Elaine Carvalho, que também contou com bolsa da FAPERJ no pós-doutorado nota 10, trabalha no setor de materiais e meio ambiente do LAMAV, orienta alunos de Iniciação Científica e colabora na orientação de alunos de mestrado e doutorado. “Junto com alunos da pós-graduação venho trabalhando na síntese de resina à base de óleo de cozinha e resíduos de borracha de pneu, vidro de garrafa, quartzito, também utilizando a resina poliuretano derivada de óleo de mamona, na busca de um trabalho com apelo sustentável para o desenvolvimento da rocha artificial”, esclarece a doutora em Engenharia e Ciência dos Materiais. O estudo já rendeu alguns artigos em revistas internacionais, capítulos de livro e participações em vários congressos, incluindo um congresso internacional nos Estados Unidos, do qual ela mesma participou.

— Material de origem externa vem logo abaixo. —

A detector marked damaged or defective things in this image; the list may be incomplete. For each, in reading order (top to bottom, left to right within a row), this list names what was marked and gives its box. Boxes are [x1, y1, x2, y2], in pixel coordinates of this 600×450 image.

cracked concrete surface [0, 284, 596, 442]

Em mais uma frente de pesquisa, ela e os alunos de IC e pós-graduação trabalham com outros tipos de resíduo, como siderúrgico, finos de brita e de beneficiamento de rocha natural, utilizando o método que a indústria de rocha artificial adota, vibração, compressão e vácuo, mas em escala laboratorial. “Buscamos adotar todos os tipos de resíduos que possam ser utilizados em rocha artificial e que tragam propriedades que sejam superiores às rochas naturais, com mármore e granito”, explica Elaine.
Logística reversa e parceria com os geradores de resíduos são fundamentais para viabilizar os projetos e fazer com que os produtos cheguem ao mercado. “Muito importante também são as políticas públicas visando a coleta seletiva de lixo, a fim de facilitar o recolhimento e a reciclagem dos diversos materiais”, enfatiza o pesquisador.

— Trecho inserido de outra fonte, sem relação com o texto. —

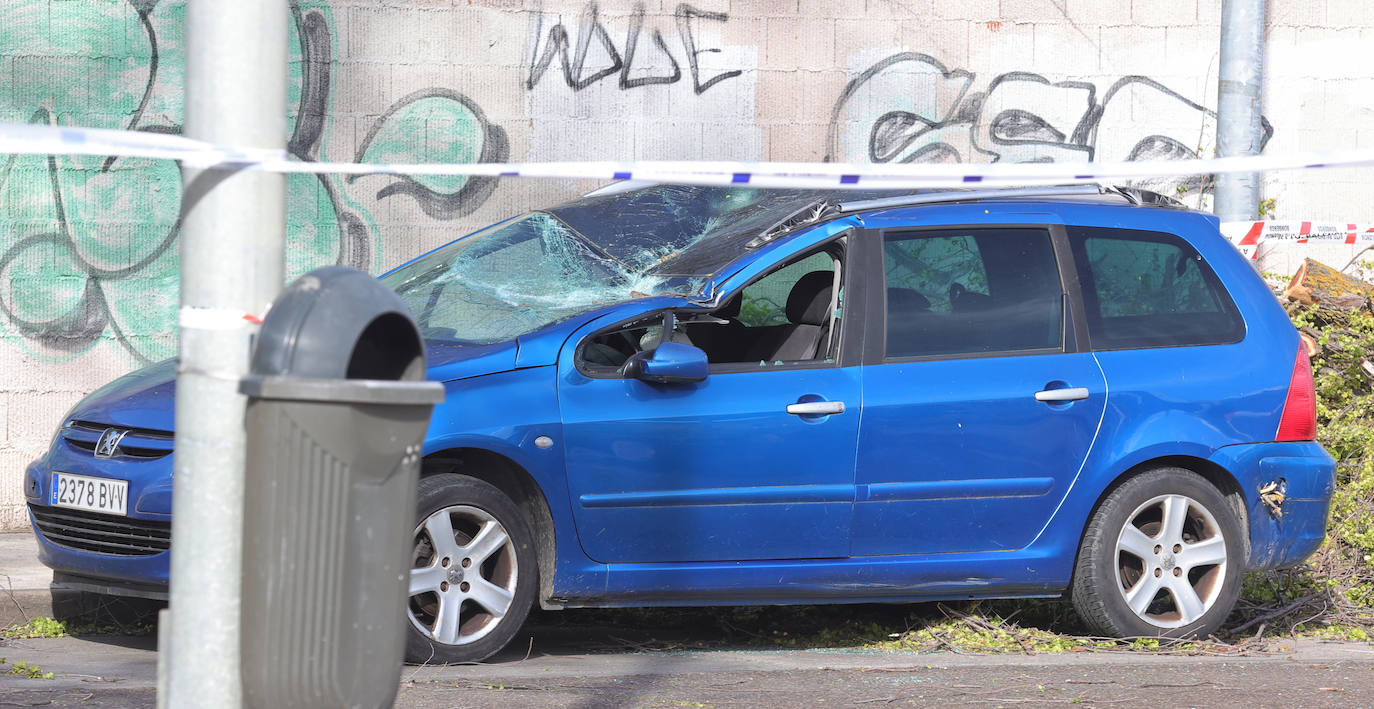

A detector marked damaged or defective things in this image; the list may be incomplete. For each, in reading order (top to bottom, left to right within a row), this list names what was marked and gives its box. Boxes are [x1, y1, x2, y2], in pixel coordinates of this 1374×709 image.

shattered windshield [381, 182, 906, 343]
damaged blue car [21, 182, 1330, 659]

No caso do Lamav, foi firmada parceria com a ArcelorMital, siderúrgica localizada em Tubarão, na Grande Vitória (ES), para o fornecimento dos resíduos da siderúrgica. Há também uma parceria com uma fabricante de rochas artificiais para o fornecimento da carga mineral industrial. O pesquisador explica que a substituição da carga mineral na produção da rocha artificial pode chegar a 100%, acrescida de 15 a 20% de resina.
Atualmente o Lamav vem testando o uso de 100% de resíduo de vidro como carga particulada para a obtenção da rocha artificial. O grupo de pesquisa também vem atuando também no desenvolvimento de resinas naturais a partir de biomassas renováveis e de resíduos como a mamona e óleo de cozinha usado. Fontes Vieira destaca ainda o potencial dos materiais álcali-ativados como os geopolímeros, obtidos a partir de resíduos como cinzas, dentre outros e materiais naturais como rochas e minerais, em substituição do cimento.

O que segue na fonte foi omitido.